In the following screenshot you can see the Labeling Interface settings:


So our goal was to label text data with these labels. We labelled all text files that we needed to but we faced the following problems when trying to export the data with the labels:

  1. Text data were not exported with the labels. When exporting the tasks (.json or .csv, all formats gives the same results), the annotation results are described through indices that tag the start and end indices of sentences that are labelled and not the sentences themselves. We need the labels with the sentences to be able to use the labels for our model.
    So was the overview of the tasks in the LS interface:

  1. We tried to overcome this problem through exporting the annotations as they are with the indices so that we postprocess them through a python code that matches each text with the labels through the result indices.

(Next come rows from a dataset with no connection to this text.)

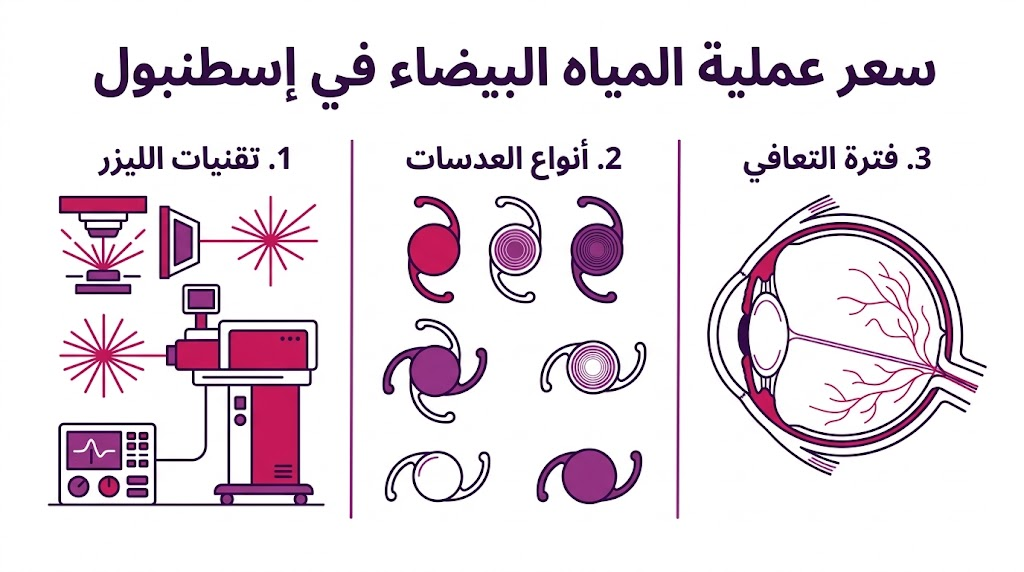 مخطط توضيحي يبرز العوامل المؤثرة في سعر عملية المياه البيضاء في إسطنبول والتقنيات المستخدمة.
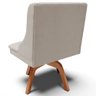 Kit 2 Cadeiras Decorativas Sala de Jantar Base Giratória de Madeira Firenze Veludo Cinza/Natural G19 - 6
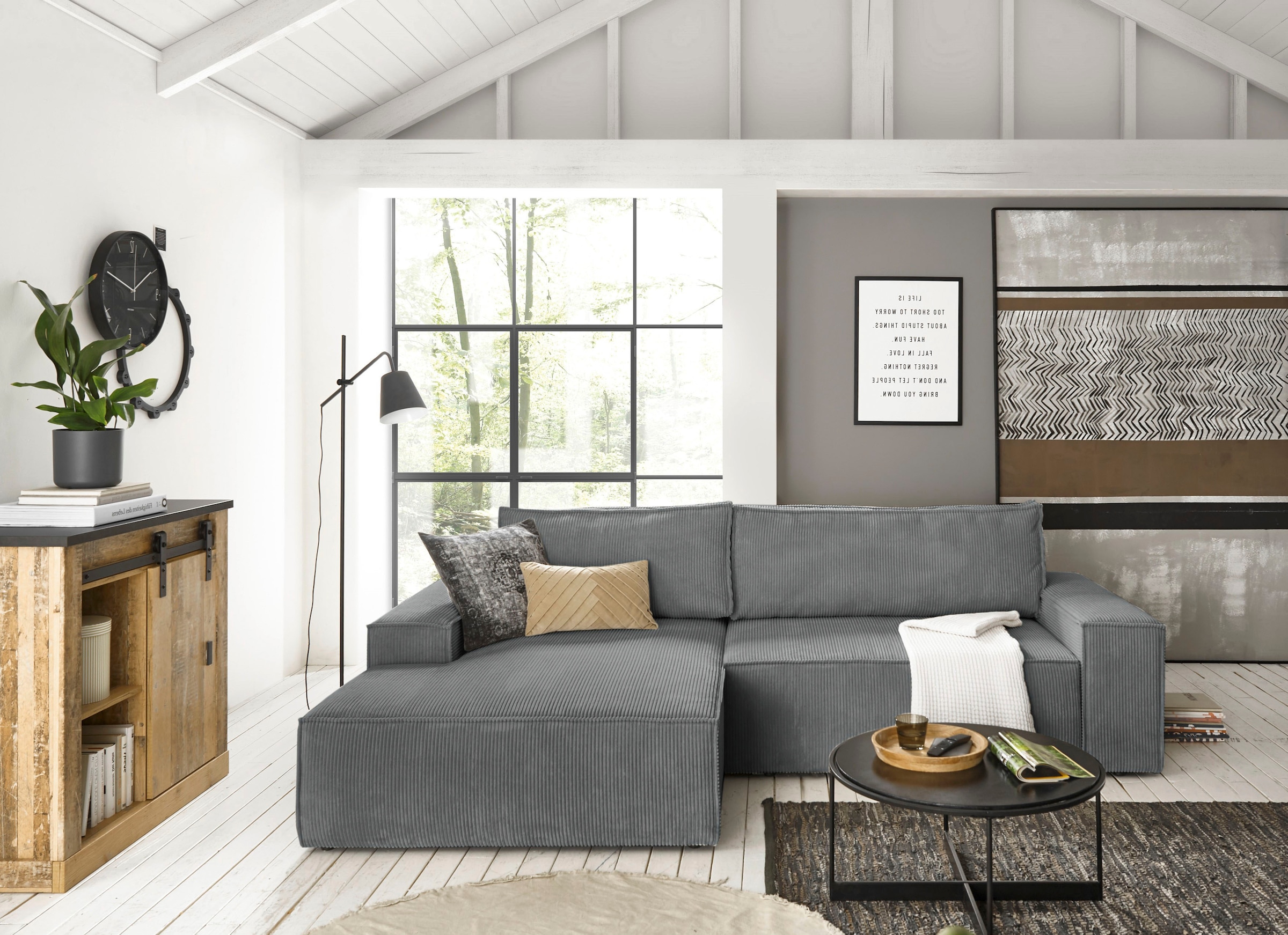 Home affaire Ecksofa »SHERWOOD«, mit Bett-Funktion (Liegefläche 210x136 cm), mit 2 losen Rückenkissen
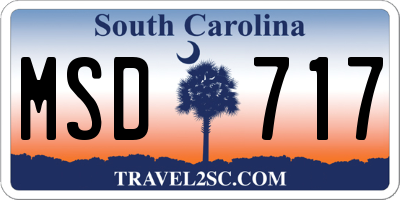 SC license plate MSD717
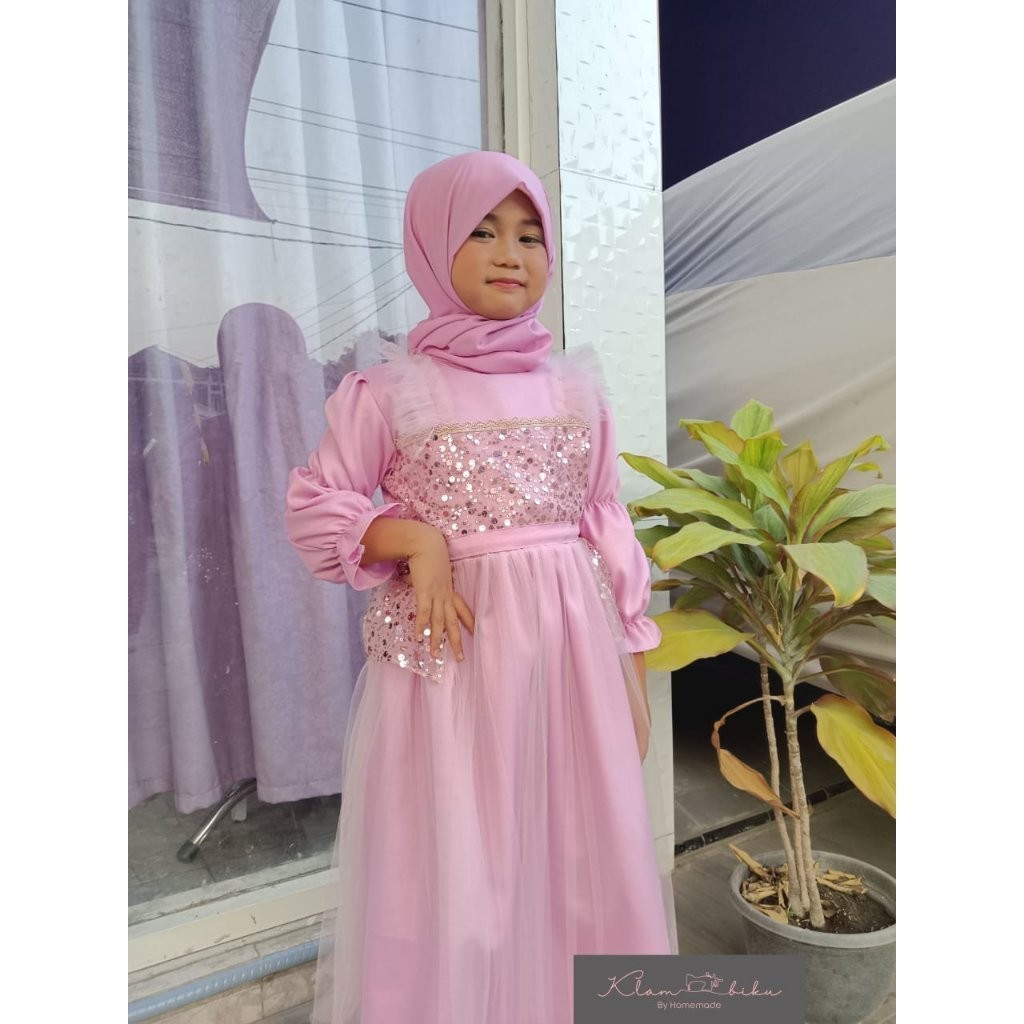 Promo Mega Sale 5.5 // Gamis barbie/Baju brokat anak Perempuan/Gaun pesta anak plus hijab/Gamis anak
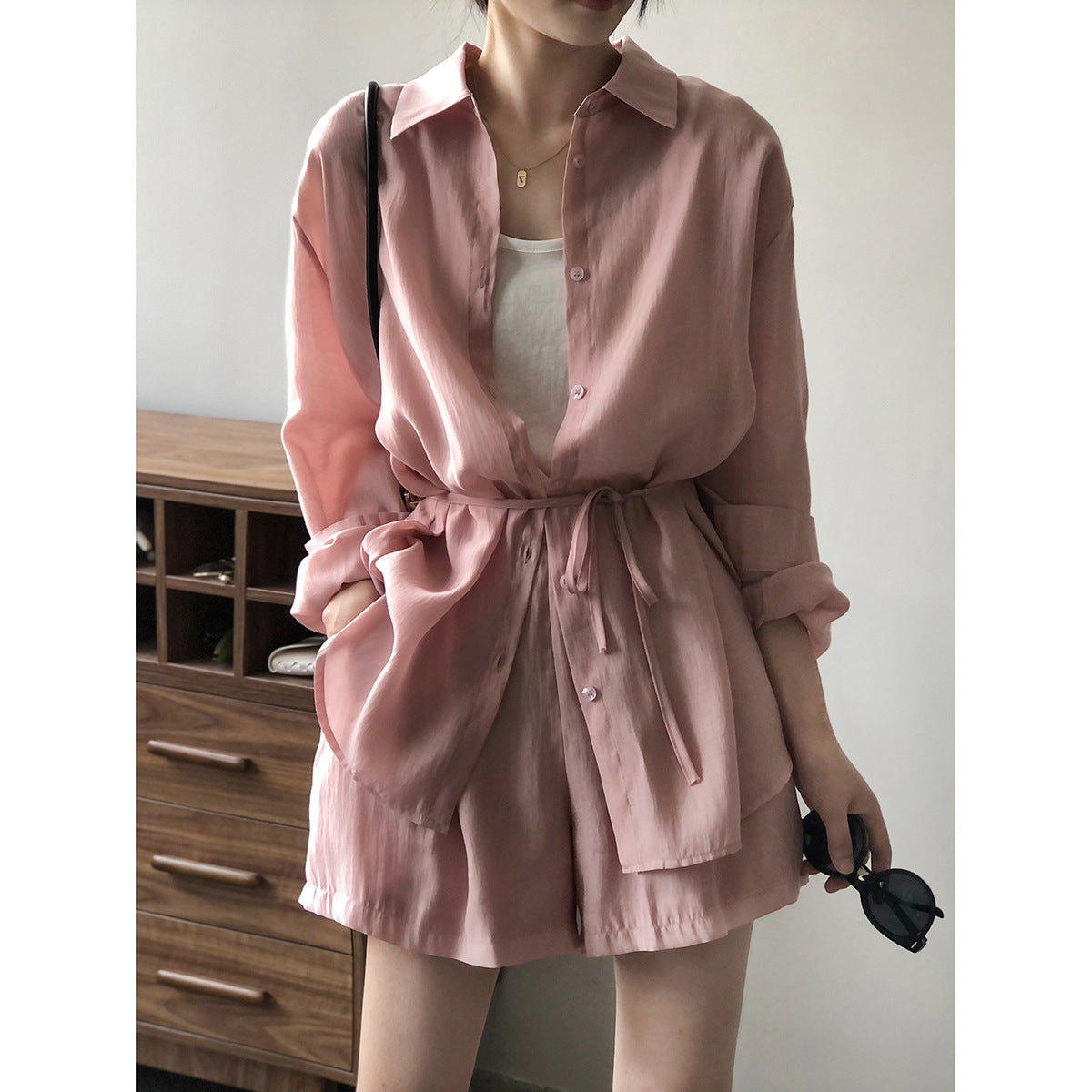 Words double drape breathable sunscreen shirt set women's summer loose thin shirt wide-leg shorts women's 80573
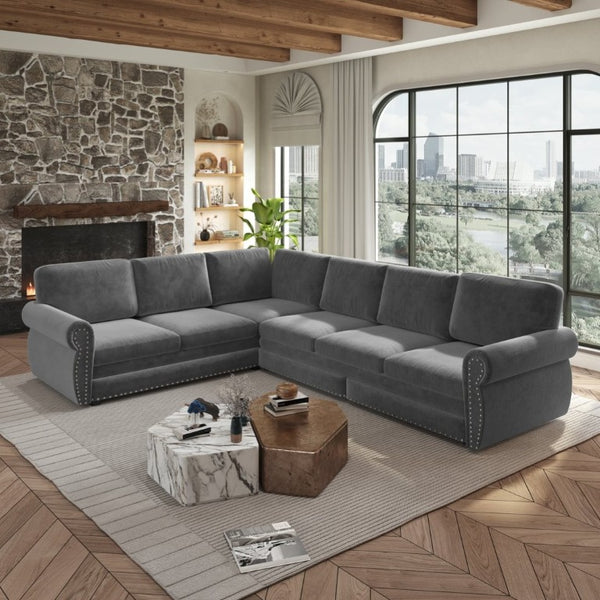 English Elm 118 Inch Chenille Sectional Sleeper Sofa with King Pull Out Bed and Nailhead Trim W1885S00258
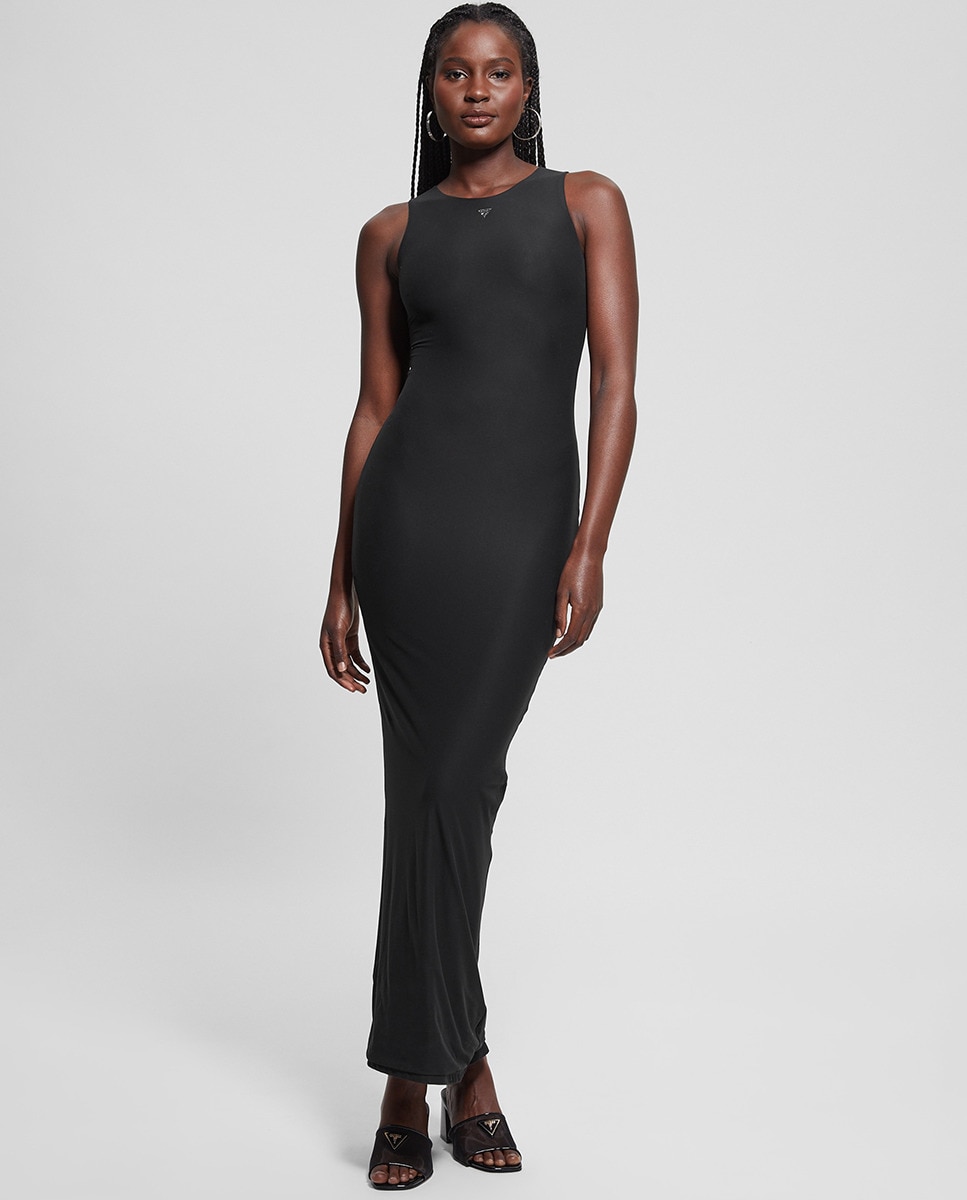 Vestido comprido sem mangas Preto-1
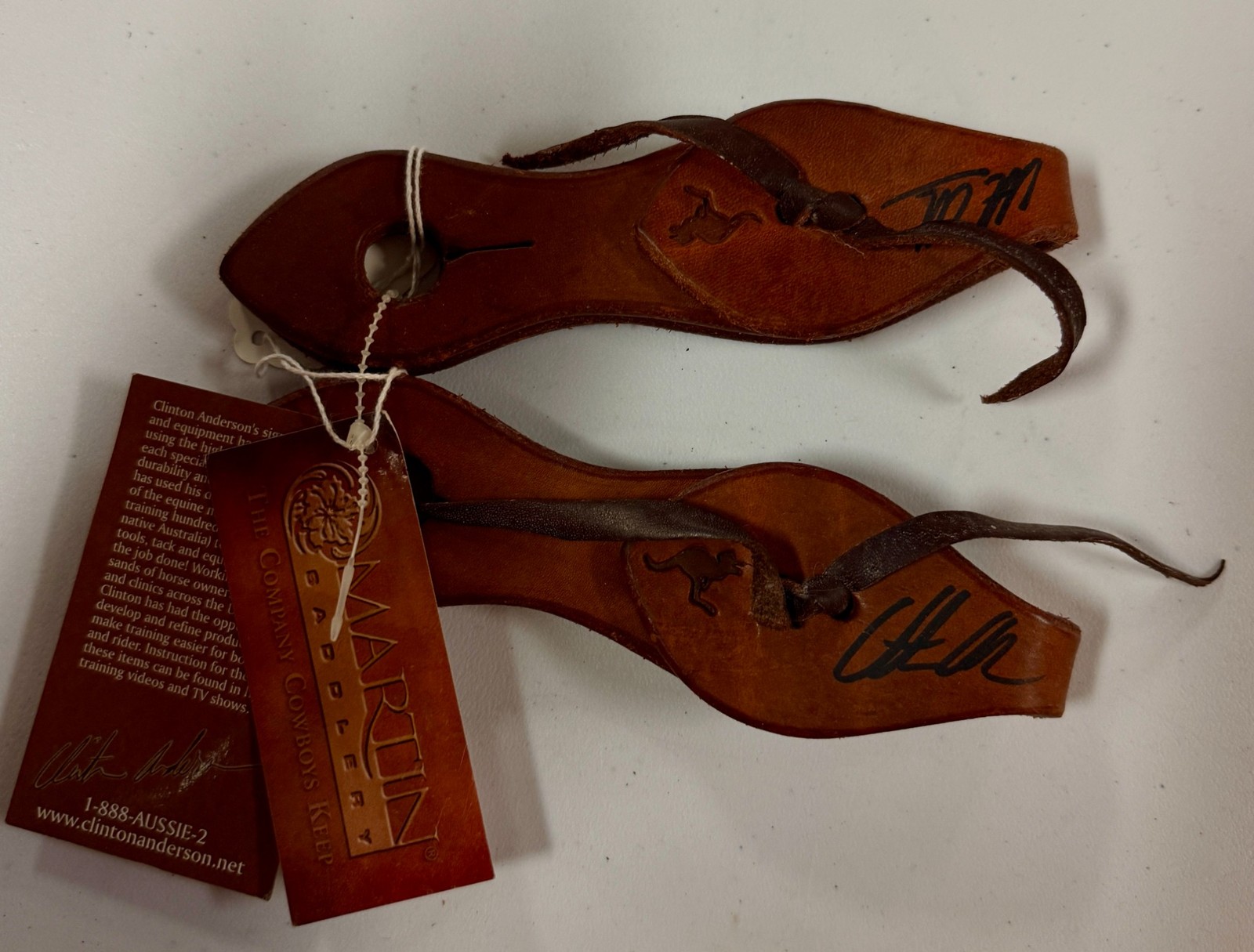Signed Clinton Anderson Martin Saddlery Leather Slobber Straps Reins Horse Tack
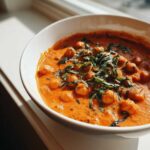 A vibrant bowl of One-Pot Creamy Tomato Basil Chickpea Stew topped with fresh, shredded basil.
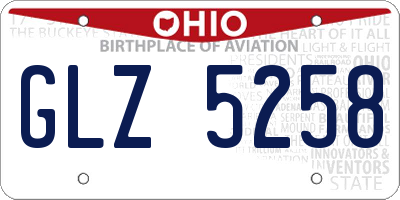 OH license plate GLZ5258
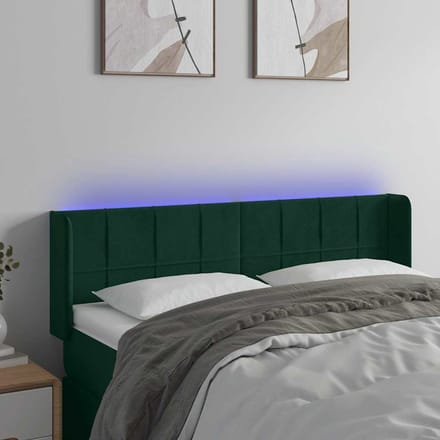vidaXL - Hoofdbord - LED - 147x16x78/88 - cm - fluweel - donkergroen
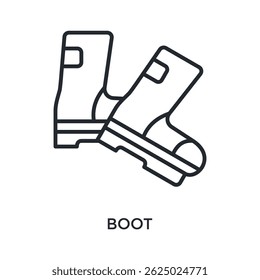 Boot Icon Outline Style. Vector Illustration For Graphic Design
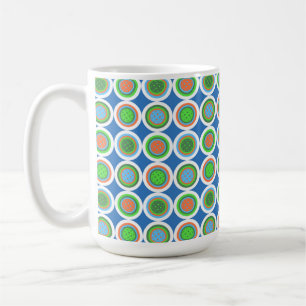 Mug Pickleball Summer Polka Dot Orange Green Blue Ball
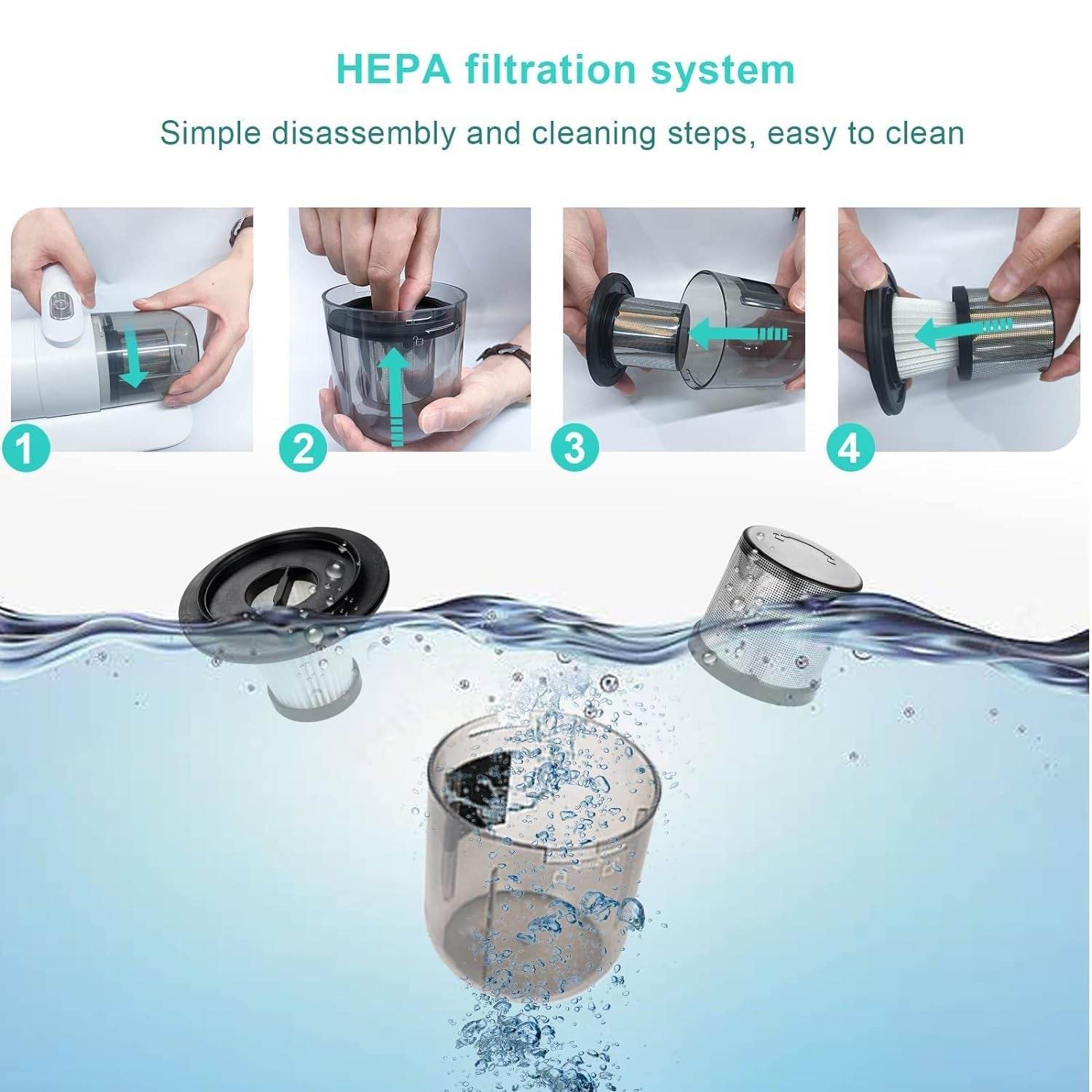 0227 Powerful Suction Portable Handheld Vacuum Cleaner - Low Noise Vacuum Cleaner For Bed - Cordless Vacuum Cleaner For Car Seat Crevices Pillows Mattresses Sofas Wireless Anti Dust And Mite Cleaner - Best Deals at BeSh Deals®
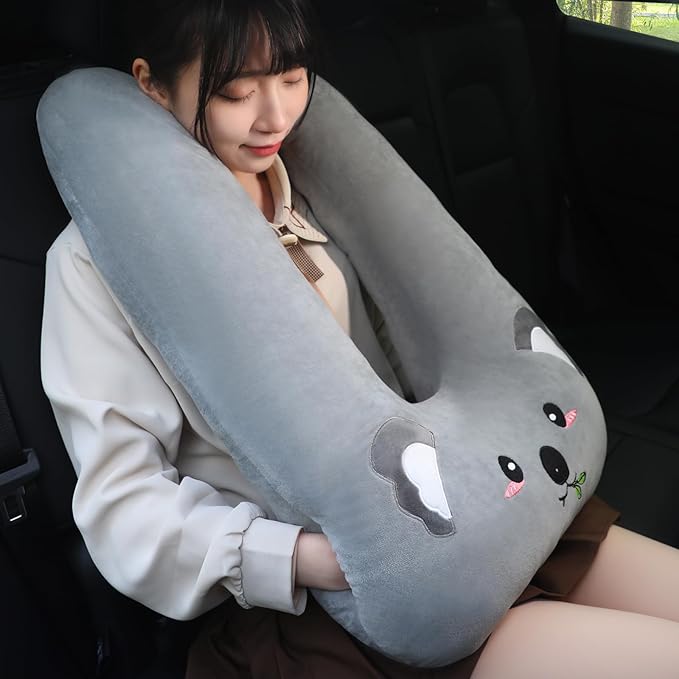 Kids Travel Pillow for Car Seat with Hand Muff, Cartoon Neck & Headrest Seat Belt Pillow for Car Road Trips Long-Distance Travel Sleeping Pillow for Adults and Children, Koala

This did not work and the resulted matched sentences were cut off before the intended end or cut off way ahead of the beginning of the sentence. In the following there are some screenshots of a labelled text and the resulting matching attempt.

And here the resulted matching for the sentences in the previous screenshot:

“raglich ist, ob A einen Anspruch auf Herausgabe des Buchs gegen B aus § 861 I BGB hat.”: “Obersatz”,

“ies setzt voraus, dass A frühere Besitzerin des Buches war, B den Besitz am Buch durch verbotene Eigenmacht erlangt hat und der A gegenüber somit fehlerhaft besitzt (§ 858 II 1 BGB).”: “Definition”,

“udem sollte der Anspruch nicht nach § 861 II BGB ausgeschlossen bzw. nach § 864 BGB erloschen sein.”: “Definition”

As you can see, the sentences are cut off at the beginning. We thought that the problem lies at the empty lines and newline characters. We removed those from the text and matched it again but it did not work too.

We tried comparing the original text with the text processed in the LS interface and here a screenshot:

As you can see, there is a difference between both texts. It seems that LS added empty lines more than the original text contained at first. If we consider the indices tuple for the first sentence (Fraglich …) as (55, 141), it should start at 53 for the original text but LS computed it as 55.
The same counts for the other data files. The problem is, we cannot determine where exactly LS new lines added or removed. Despite downloading the text data from the upload section of LS, the matching attempts did not success.

Our questions:

  1. Is it possible at all, exporting the labels with the sentences directly?
  2. Is there a modification to the Labeling Interface that would allow this export?
  3. Are these problems with adding new lines to texts already known in LS?
  4. Is there a possibility to download these specific versions of the text data that were modified through the labeling to be downloaded? Maybe the matching processing would work then

We are out of options and stuck at this point so we are for every hint or help very thankful :slight_smile:

Let us know if you need further input about the problem.